The organization’s release didn’t make it clear where on the fairgrounds the stadium will take shape. The venue that would make the most sense for the Olympics - and thus for the Knight Riders - is the former horse track, which will have no issues with space but might need some concrete torn up and will need a ton of grass planted between now and mid-June. There’s also a pair soccer fields adjacent to the horse track which could accommodate cricket, but the space would require considerable investment in a very short amount of time to be a suitable host for the Knight Riders. As it stands now, it would make Church Street Park look like the SCG.
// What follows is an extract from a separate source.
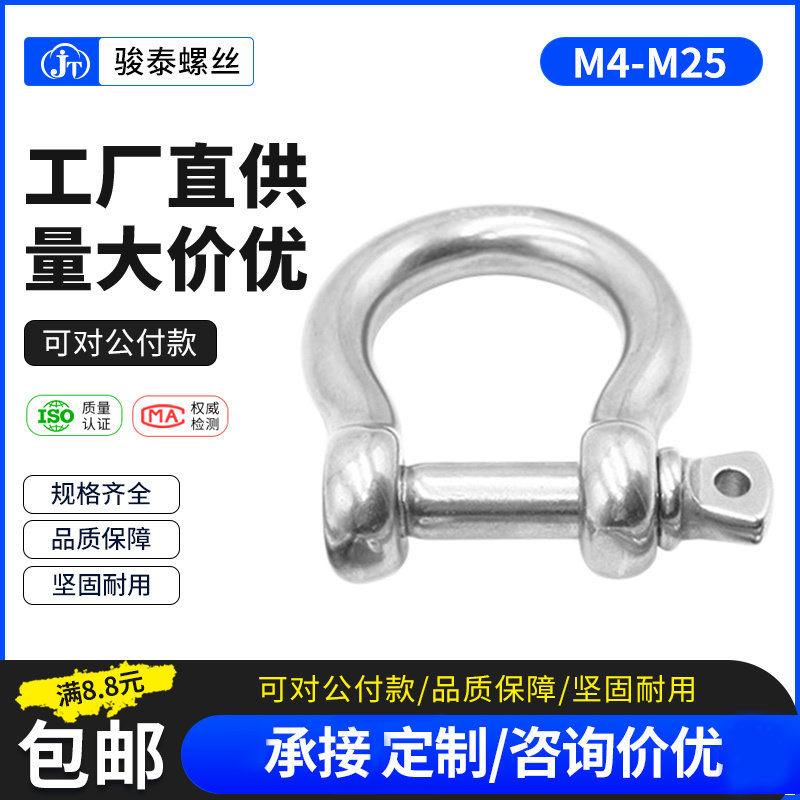 不锈钢日式U型马蹄形御扣 304D型御扣钢丝链条登山扣国标弓形御扣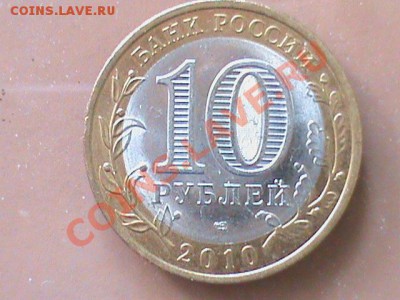 10 рублей Ненецкий АО раскол штемпеля до 10.05 21:00 МСК - НАО раскол2.JPG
This is a potential breakthrough moment for a moribund franchise, but it’s also a major undertaking. The Knight Riders are no longer a travel team and now face pressure to put a product on the field that can sell tickets. It cannot be overstated that the Knight Riders suck. They have sucked for their entire existence, and if the state of Kolkata’s IPL roster is any indication, they will not get better this year. They have an established reputation of being the team that cares the least of the six MLC outfits, and they are regularly their own worst enemy. Their reputation is reinforced by centering post-prime stars who are clearly phoning it in and social media feeds choked in AI slop. MI New York’s branding is atrocious, but at least they win. Now the Knight Riders are jumping head-first into the fight with more than a dozen other pro sports teams for one of the hardest entertainment dollars on the planet to earn. They don’t need a massive presence in the market to find lasting success, but they can’t trot out the same team they have sent out for the last three years and expect adulation. LA is very clear that it will not back a loser.
Having a permanent home field, even if it’s going to take time to shape the ground into something more readily resembling a space for cricket, even if it’s in a sub-optimal location, is a great opportunity to turn over a new leaf as a franchise. These are the sorts of foundation-shaking events that normally would convince an organization to take a look at its entire operation and make changes to things that don’t contribute to winning on the field or moneymaking efforts off it.
Ah, but the more things change, the more they stay the same. The franchise dropped the press release announcing its new home in LA County at 1:15am Pacific time, where it has little hope of getting traction. In Kolkata, it was 1:45pm, at the height of the news cycle. It’s pretty telling about who this statement - and this team - is for. With that mindset, they’ll be lucky to outdraw the Rancho Cucamonga Quakes.
The pressure is on. A major market beckons. It’s unclear if the Knight Riders will live up to a moment where the league and the sport need them to deliver.